Cally told the court that on August 23, 2012 she and her children arrived in Tonga to be by their father’s side at Vaiola Hospital and nothing prepared them for the moment they saw Kali in his condition.

She said the children did not even have the opportunity to have one last night by their father’s side, instead his life was ripped from them forever.

“My children have endured many sleepless nights weeping for their father with so many questions running through their young minds – who could do such violent act to such a loving and humble man.

“ I have two sons with special needs, one is autistic and the other with preventive delayed disorder. Their minds still to this day could not comprehend why their father is no longer here on this earth,” she said.

“My son constantly tells me that his father was killed by policemen. For the last two years I am awakened every night by my daughter’s crying and I sleep by her side until she falls asleep.

“They say time heals all wounds but after my experience with my children who are still mourning the loss of their father I have come to the conclusion that it would take a lifetime for my children’s wounds to heal.”

She said her children had to take up counselling to try help them through their pain of loosing their idol, a man they looked up to and loved.

“Kali loved his children more than anything on this earth and now he could never see them graduate from school or celebrate their birthdays.

“Your thoughtless actions were inhumane and has affected my life and my children’s life forever. My children will forever live with the fact that their father was brutally beaten by men of authority,” she told the court.

“You have robbed my children of continuing life without the protection of their father.”

The court then heard Kali’s current wife Audra Watts’ impact statement which was read out by the crown prosecutor.

Audra recalled the start of the worst experience of her life when she waited at the Auckland airport for her husband to return only to find out he was in Vaiola Hospital in Tonga.

“Imagine how helpless I felt being in another a country while my husband was lying in a hospital bed because police had put him there,” she said.

She said that on seeing the bruises and his body on life support she wailed.
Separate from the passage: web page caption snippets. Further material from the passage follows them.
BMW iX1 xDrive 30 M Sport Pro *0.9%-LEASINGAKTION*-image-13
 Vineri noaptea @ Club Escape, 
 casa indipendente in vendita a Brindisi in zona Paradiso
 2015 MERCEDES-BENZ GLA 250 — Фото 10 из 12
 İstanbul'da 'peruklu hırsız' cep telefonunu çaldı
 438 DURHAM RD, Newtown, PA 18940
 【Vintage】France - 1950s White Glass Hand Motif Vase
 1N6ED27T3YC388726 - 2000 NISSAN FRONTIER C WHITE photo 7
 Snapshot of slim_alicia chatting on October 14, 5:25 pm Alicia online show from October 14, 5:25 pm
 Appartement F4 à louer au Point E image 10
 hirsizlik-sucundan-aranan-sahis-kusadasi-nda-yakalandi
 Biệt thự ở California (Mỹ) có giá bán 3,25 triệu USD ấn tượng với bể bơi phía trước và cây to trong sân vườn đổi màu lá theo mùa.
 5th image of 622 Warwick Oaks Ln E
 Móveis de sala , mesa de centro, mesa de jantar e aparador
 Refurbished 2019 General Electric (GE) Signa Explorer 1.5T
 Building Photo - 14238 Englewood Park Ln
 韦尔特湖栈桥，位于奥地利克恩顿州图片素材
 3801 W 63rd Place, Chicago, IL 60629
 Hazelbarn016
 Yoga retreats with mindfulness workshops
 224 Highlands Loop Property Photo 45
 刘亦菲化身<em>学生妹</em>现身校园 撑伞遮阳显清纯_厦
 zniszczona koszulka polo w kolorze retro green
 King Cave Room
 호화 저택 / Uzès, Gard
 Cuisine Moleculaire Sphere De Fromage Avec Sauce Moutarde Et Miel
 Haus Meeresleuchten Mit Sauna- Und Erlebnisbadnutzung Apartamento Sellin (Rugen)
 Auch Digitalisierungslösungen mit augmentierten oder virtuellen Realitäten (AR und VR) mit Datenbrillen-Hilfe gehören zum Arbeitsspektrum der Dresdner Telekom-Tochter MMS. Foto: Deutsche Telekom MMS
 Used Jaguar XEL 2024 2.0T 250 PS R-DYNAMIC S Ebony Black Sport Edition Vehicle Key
She hoped and prayed that her husband would pull through as he was a strong fit and healthy man with a huge heart, but she saw he was not improving.

Watts, who is also a police officer, said she asked family to get his children to Tonga because he was a devoted dad who loved them immensely, but Kali died not longer after.

She said the worst day of her life was the day she had to bury her husband who was a son, a devoted father, a brother, a cousin, a friend, a leader, mentor, sportsman and a fellow police officer.

“The worst day of my life was burying the man I love – my husband and my best friend.

“I stayed out of the media since Kali was buried almost two-years ago because I had nothing good to say about what happened. I can speak of how much I loathe the men who took my husband’s life but what would that accomplish?” she said.

She found it hard to understand how could someone, who was standing on the side of the road waiting for a sober driver to pick them up, deserve to be arrested.

“Kali was not fighting in the street, he was with a family member waiting for a ride home.

“There is no way in our eyes as policemen that this warranted an arrest. That is why I know Kali questioned and argued with the Tongan police.

“I hated the fact that during the trial I heard numerous times of Kali asking them what he had done wrong. They used their fists to shut him up.”

The crown prosecutor submitted to the judge a starting point to consider for his sentencing of Hala’ufia to be 10-12 years imprisonment.

For Maile a starting point of 8-10 years imprisonment, and for Faletau starting point of 8-9 months. Hala’ufia and Maile were remanded in custody for sentencing, while Faletau is on bail.